The first fixture between Feyenoord and Ajax in 1921 was marred with controversy. The match was recorded as a 2-2 draw, but only because Feyenoord fans protested the awarding of Ajax’s third goal, forcing it to be rescinded. Talk about setting a precedent. Without regular meetings until the inception of the Eredivisie, De Klassieker (as the fixture came to be known), exploded in the mid-1960s with both Feyenoord and Ajax boasting two of the best teams in the world.
Between 1964 and 1974 no team other than Feyenoord or Ajax won the Dutch championship. European domination came too, as Feyenoord were the first Dutch winners of the European Cup in 1970 - only to be bettered by Ajax’s record-breaking run of three triumphs in a row between 1971 and 1973. At that time, the Netherlands was the footballing epicentre of Europe, with one man’s exploits at the heart of the revolution.
Bowing out on a high, the eternal icon of Dutch football Johan Cruyff retired at the end of the 1983/84 season with a league and cup double. Cruyff retiring by adding to his impeccable trophy record was business as usual. Cruyff doing so in the red and white of Feyenoord: less so.
Aged 36, out of contract and told he was no longer wanted at Ajax, Cruyff left Amsterdam to sign for his boyhood club’s fiercest rivals. It wasn’t love at first sight for the Feyenoord faithful. His name was whistled when it was announced in De Kuip. Banners reading “Feyenoord Forever, Never Cruyff” (amongst other obscenities) were present at matches and some hardcore Het Legioen – Feyenoord supporters - refused to attend matches in which Cruyff was playing. In that season’s Klassieker, supporters of Feyenoord suffered an experience of nightmarish proportions.
Subbed off in the 87th minute, Cruyff had been victim to a massacre in the very place he used to call home. At the time, the 8-2 loss inflicted by Ajax was the worst in the club’s history. A mauling of seismic proportions, the match featured characteristic crowd trouble and represented a difficult day for Feyenoord. But the club from the south were to have the last laugh as Feyenoord won their first Eredivisie title in a decade, finishing five points above Ajax.

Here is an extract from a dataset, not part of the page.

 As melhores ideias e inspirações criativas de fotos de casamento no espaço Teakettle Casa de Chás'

An emblem of Dutch football and culture alike, Johan Cruyff crossing the divide represented a watershed moment in the Klassieker rivalry. Cruyff had seen it all, done it all and almost won it all.
Walking off the Munich Olympiastadion, head in hands, the World Cup had been in touching distance for Cruyff. If the total-footballing Dutch side of 1974 were the Beatles, then Johan Cruyff was John Lennon; a unifying maverick drowning in creative genius, whose desire for perfection would end up too overbearing. A 2-1 final defeat to West Germany was the closest the Clockwork Orange Netherlands team got to international glory. The Oranje would go onto win their first and only trophy 11 years after Cruyff had retired.

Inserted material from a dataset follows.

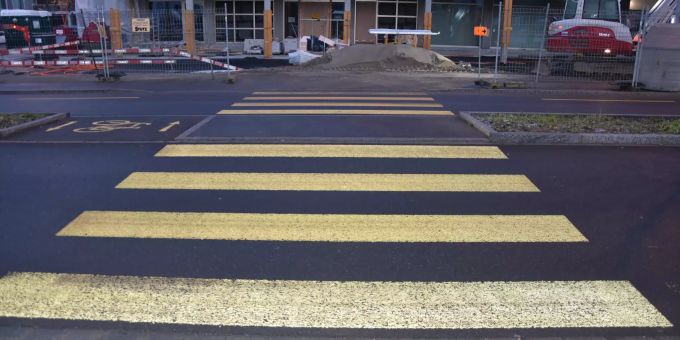 Fussgängerin von Auto angefahren.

Whilst his stint at Feyenoord didn’t compare in terms of time with his years at Ajax, his impact was nevertheless meteoric. Carried around the pitch in his final match as a professional footballer, Cruyff had become a Feyenoord legend. The Dutch superstar had crossed over to enemy territory and succeeded. Cruyff may have retired a hero, but the war waged on.
Following Cruyff’s departure, Feyenoord’s form plummeted. PSV Eindhoven had emerged as Dutch football’s second team and the trophies had (almost) dried up completely. A few KNVB Cup triumphs were scattered in between the occasional league title and the prospect of relegation looked more realistic than a return to the dominance of the early-70s. By contrast, Ajax couldn’t stop winning. The Amsterdam outfit lifted 12 trophies in 15 years, including the 1994/95 Champions League. Total football reigned supreme. Davids, Seedorf, Overmars et al were the second Ajax side in a generation to rule Europe. After the foundations were planted by Cruyff and under the tutelage of paternal figure Louis Van Gaal, Ajax’s side of the 90s reignited the admiration for Dutch football, writing the next chapter in the nation’s illustrious footballing history.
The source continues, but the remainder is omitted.